§ **Description of the task**
Please restate each line of the data that follows word for word, skipping any image.

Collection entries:
§
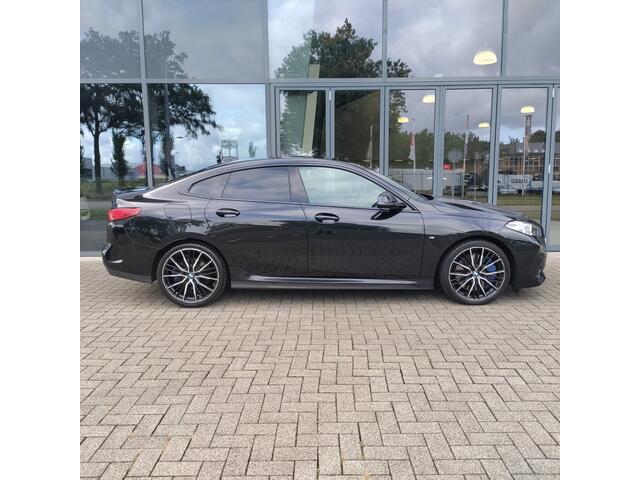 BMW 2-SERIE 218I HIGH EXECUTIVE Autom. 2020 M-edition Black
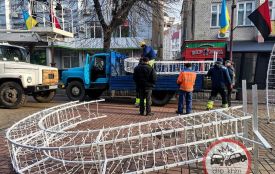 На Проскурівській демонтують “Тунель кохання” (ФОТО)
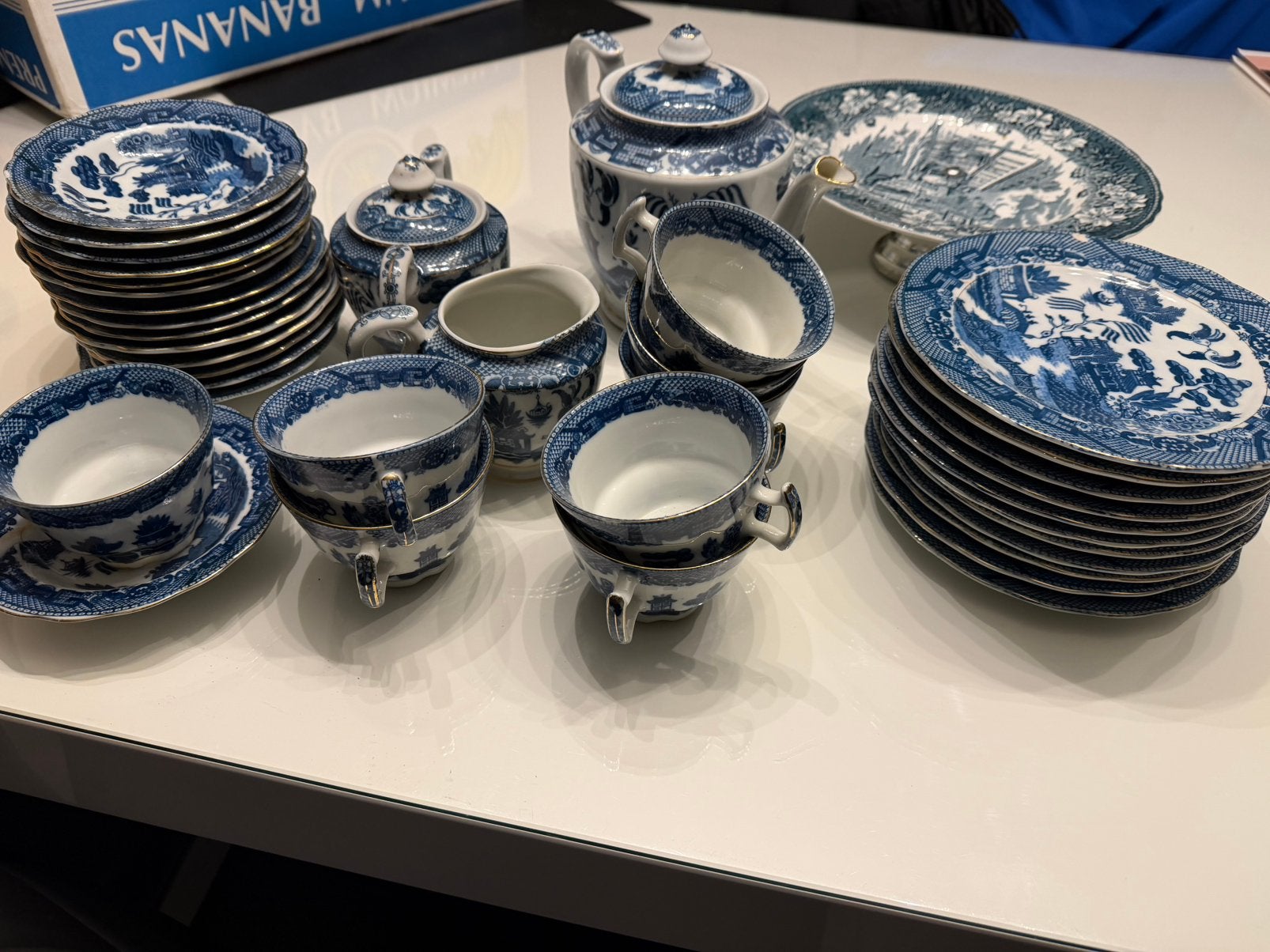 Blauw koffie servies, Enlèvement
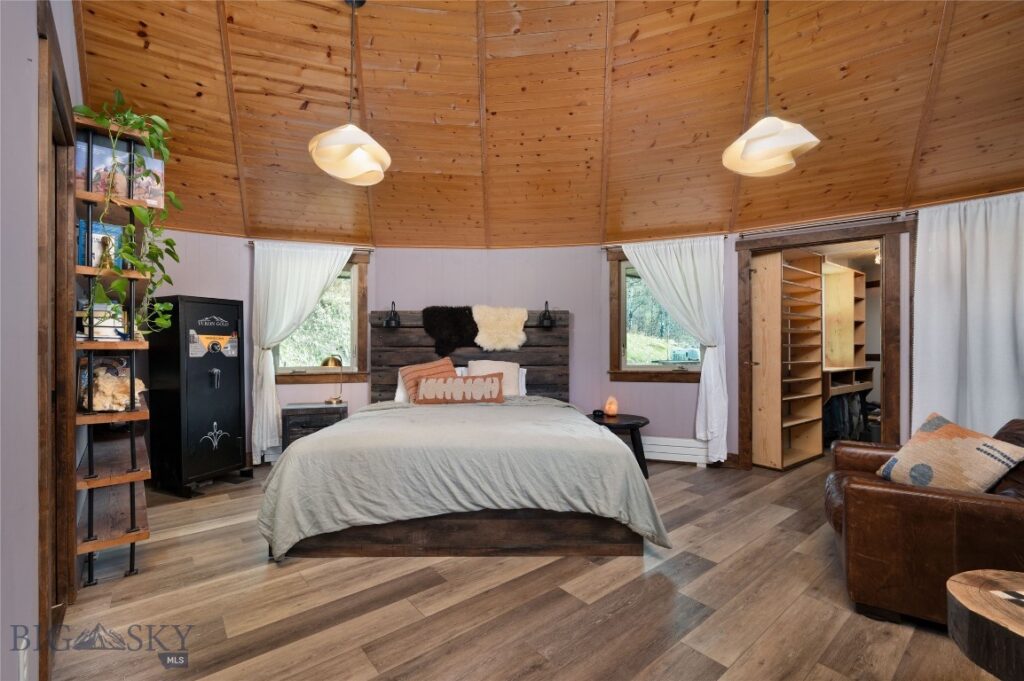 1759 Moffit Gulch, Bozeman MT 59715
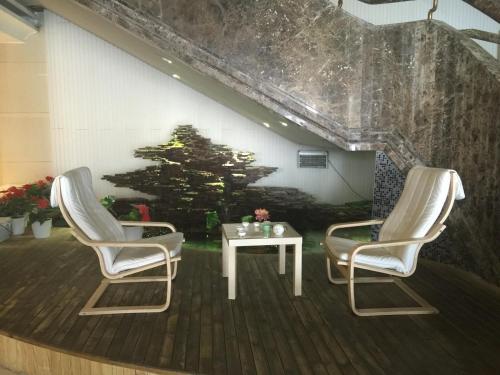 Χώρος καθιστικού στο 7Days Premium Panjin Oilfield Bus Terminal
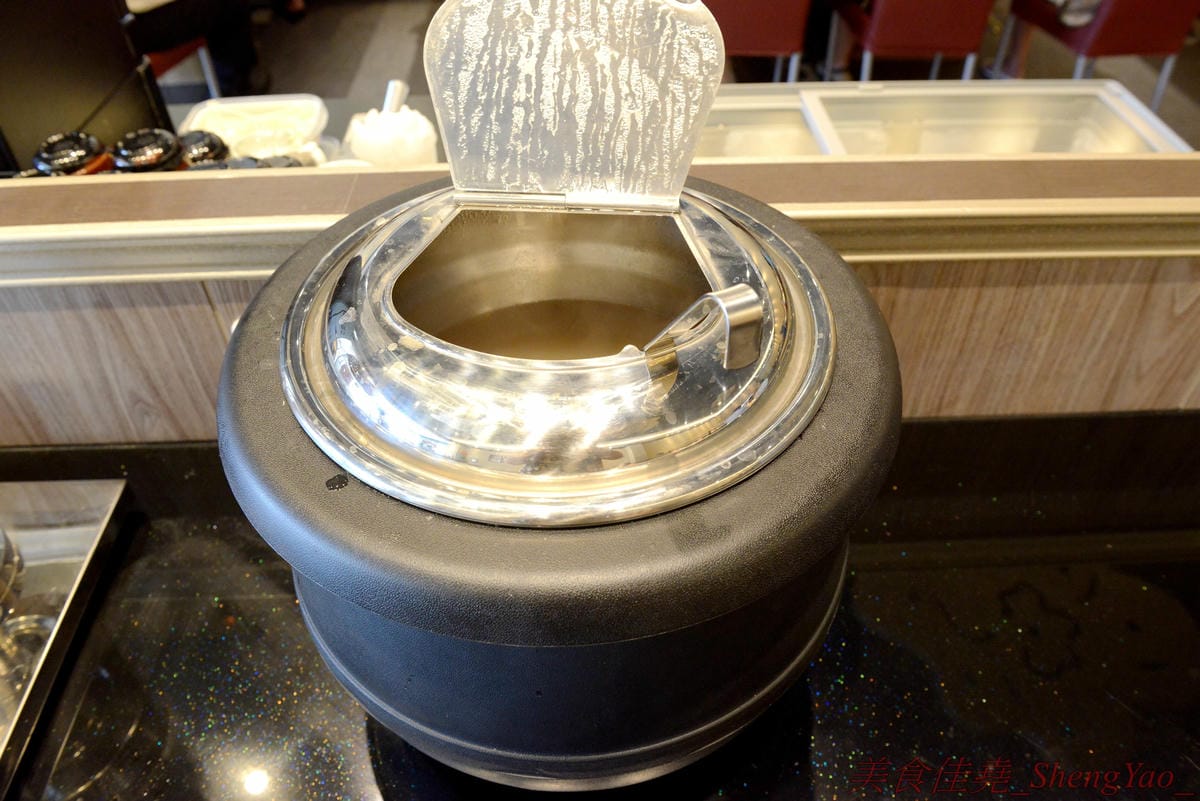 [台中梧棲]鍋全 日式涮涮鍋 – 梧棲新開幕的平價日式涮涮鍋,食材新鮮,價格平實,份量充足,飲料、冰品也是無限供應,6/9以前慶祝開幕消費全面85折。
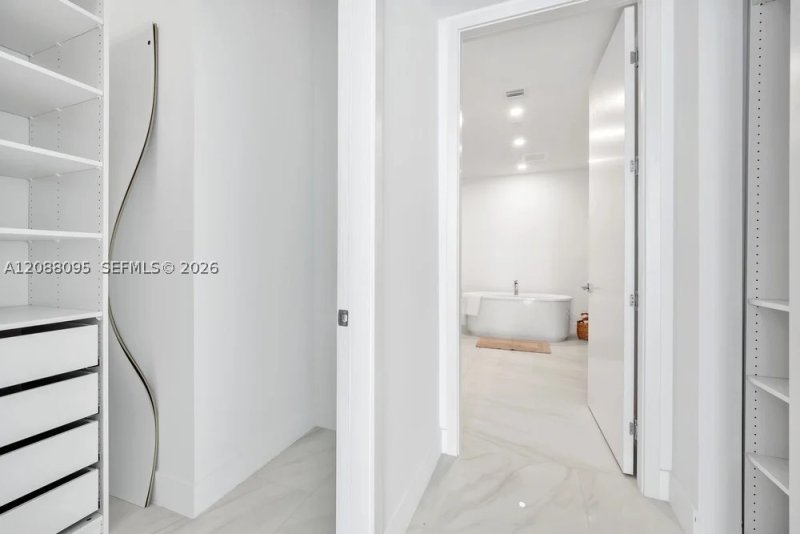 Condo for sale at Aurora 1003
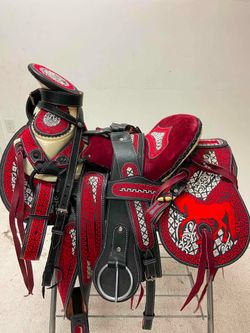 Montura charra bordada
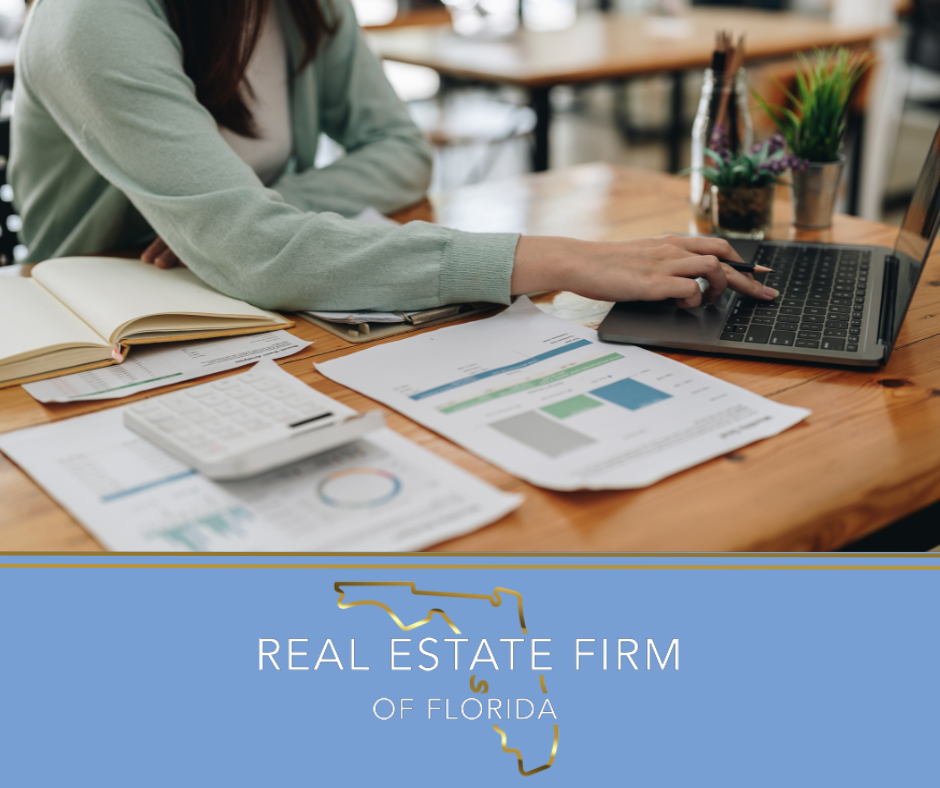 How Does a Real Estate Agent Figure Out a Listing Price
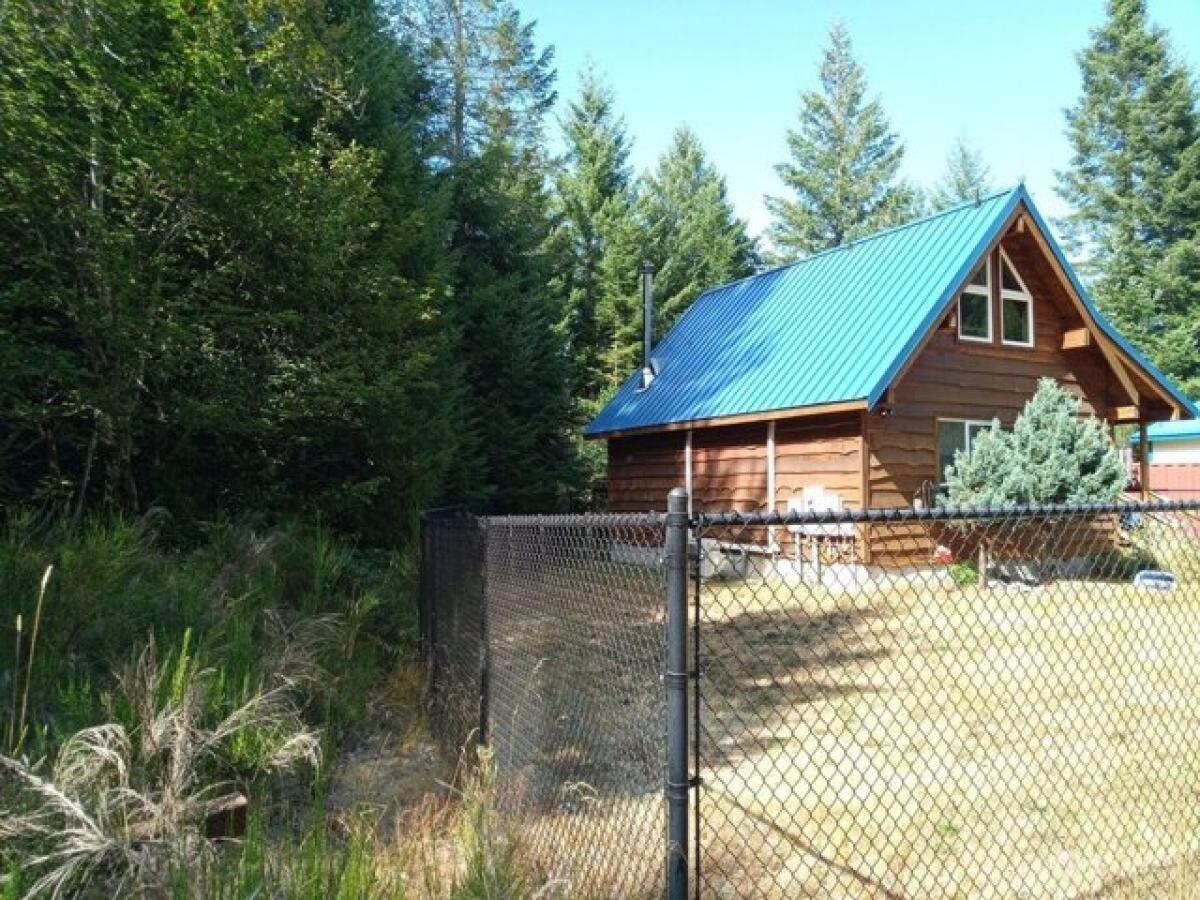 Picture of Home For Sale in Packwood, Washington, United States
§
§ **Exercise result**
 BMW 2-SERIE 218I HIGH EXECUTIVE Autom. 2020 M-edition Black
 На Проскурівській демонтують “Тунель кохання” (ФОТО)
 Blauw koffie servies, Enlèvement
 1759 Moffit Gulch, Bozeman MT 59715
 Χώρος καθιστικού στο 7Days Premium Panjin Oilfield Bus Terminal
 [台中梧棲]鍋全 日式涮涮鍋 – 梧棲新開幕的平價日式涮涮鍋,食材新鮮,價格平實,份量充足,飲料、冰品也是無限供應,6/9以前慶祝開幕消費全面85折。
 Condo for sale at Aurora 1003
 Montura charra bordada
 How Does a Real Estate Agent Figure Out a Listing Price
 Picture of Home For Sale in Packwood, Washington, United States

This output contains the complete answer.